» INSTRUCTIONS FOR THE TASK
Using only the entries below, output the lines starting at the one containing "Mary Botelho's Instagram, Twitter & Facebook" and ending at the one containing "KORFF MAKE UP", exactly and inclusive of both, omitting the pictures.

» EXTRACTED DATA
Segment Open

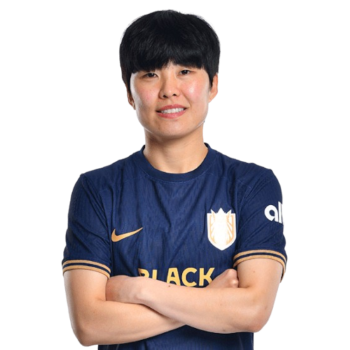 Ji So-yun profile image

Segment Closed
Segment Open

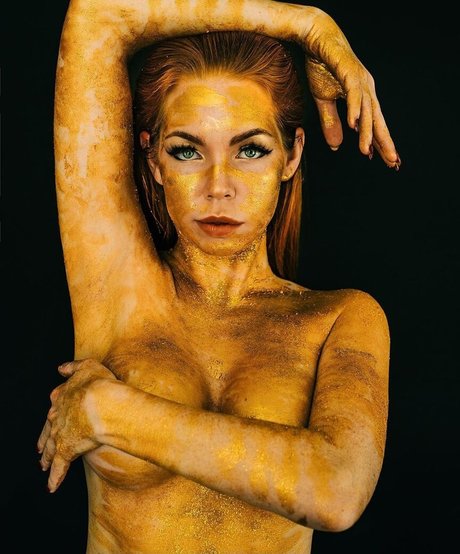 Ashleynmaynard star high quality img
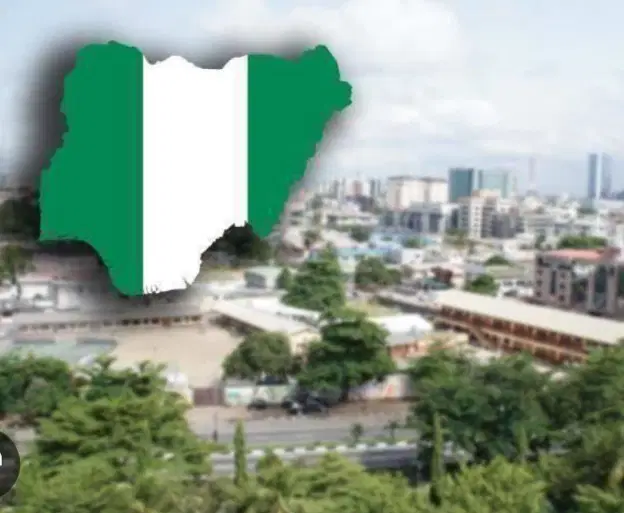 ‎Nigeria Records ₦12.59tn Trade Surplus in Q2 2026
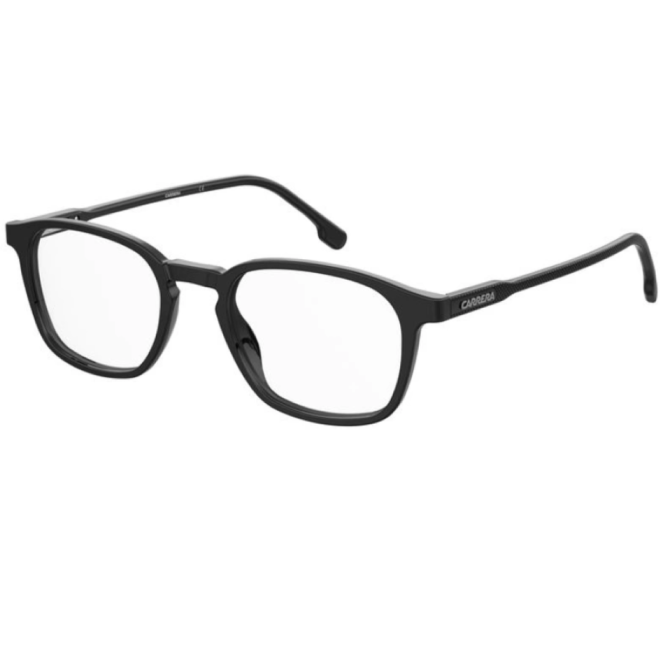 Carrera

Segment Closed
Segment Open

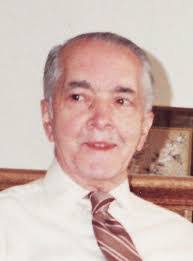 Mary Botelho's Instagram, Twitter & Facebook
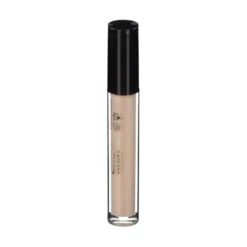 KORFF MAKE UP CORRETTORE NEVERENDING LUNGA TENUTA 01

Segment Closed

» REPLY
 Mary Botelho's Instagram, Twitter & Facebook
 KORFF MAKE UP CORRETTORE NEVERENDING LUNGA TENUTA 01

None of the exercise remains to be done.